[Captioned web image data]
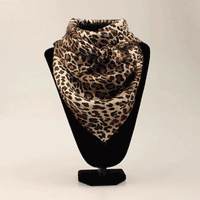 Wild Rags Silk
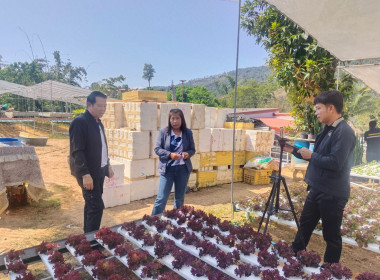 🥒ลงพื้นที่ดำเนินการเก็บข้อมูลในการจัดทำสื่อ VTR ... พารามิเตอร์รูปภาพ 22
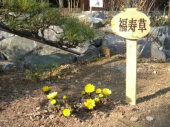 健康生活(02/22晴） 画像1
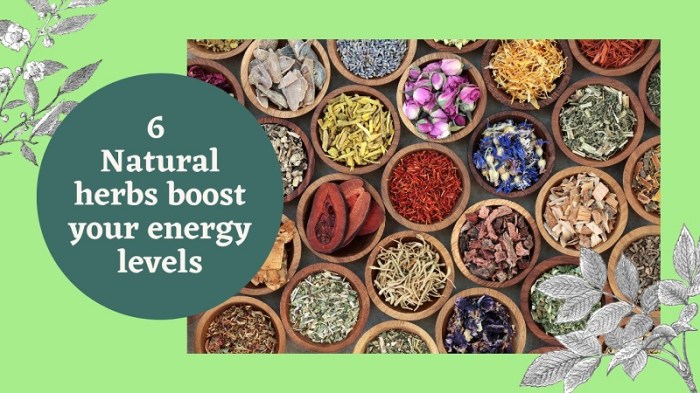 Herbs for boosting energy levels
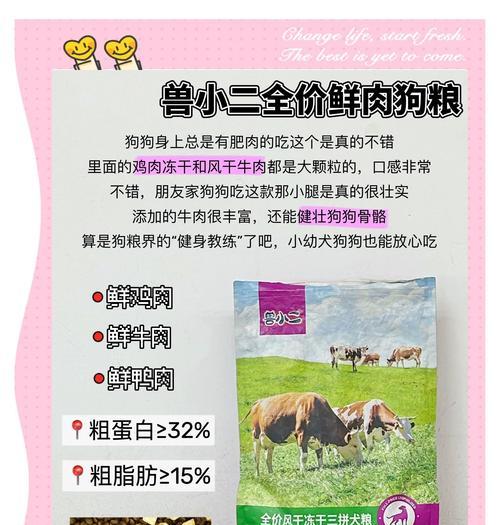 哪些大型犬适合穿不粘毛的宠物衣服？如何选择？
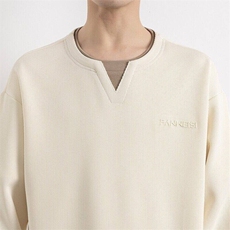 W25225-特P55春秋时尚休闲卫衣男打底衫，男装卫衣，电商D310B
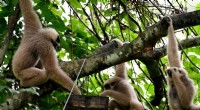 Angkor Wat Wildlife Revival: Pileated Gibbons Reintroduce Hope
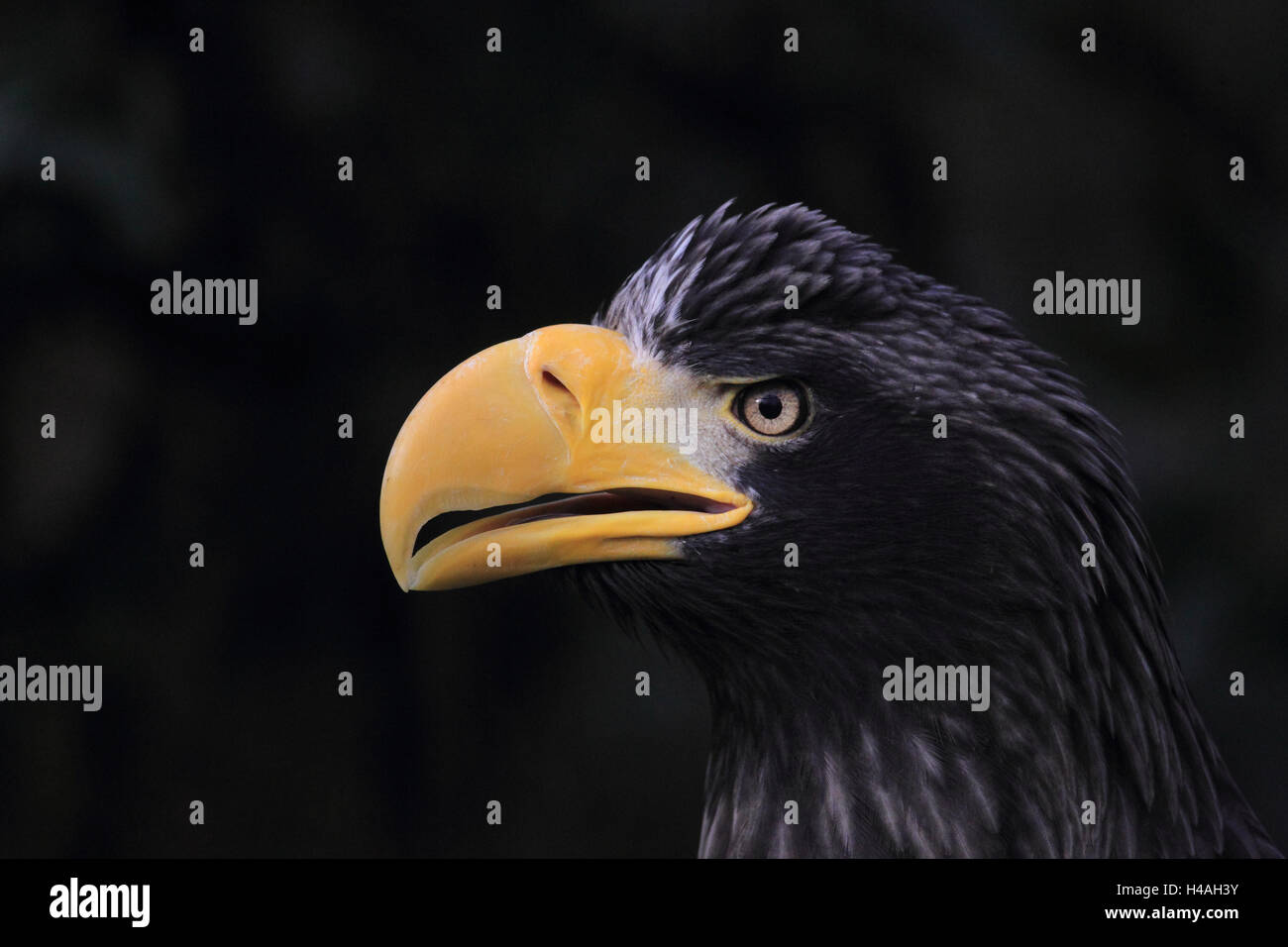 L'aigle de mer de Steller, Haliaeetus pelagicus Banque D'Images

◆ **Try it**
Give again, word for word, only the lines from the one with "健康生活(02/22晴） 画像1" through the last line of the entries, both included; no pictures go in the copy.

◆ **Written answer**
 健康生活(02/22晴） 画像1
 Herbs for boosting energy levels
 哪些大型犬适合穿不粘毛的宠物衣服？如何选择？
 W25225-特P55春秋时尚休闲卫衣男打底衫，男装卫衣，电商D310B
 Angkor Wat Wildlife Revival: Pileated Gibbons Reintroduce Hope
 L'aigle de mer de Steller, Haliaeetus pelagicus Banque D'Images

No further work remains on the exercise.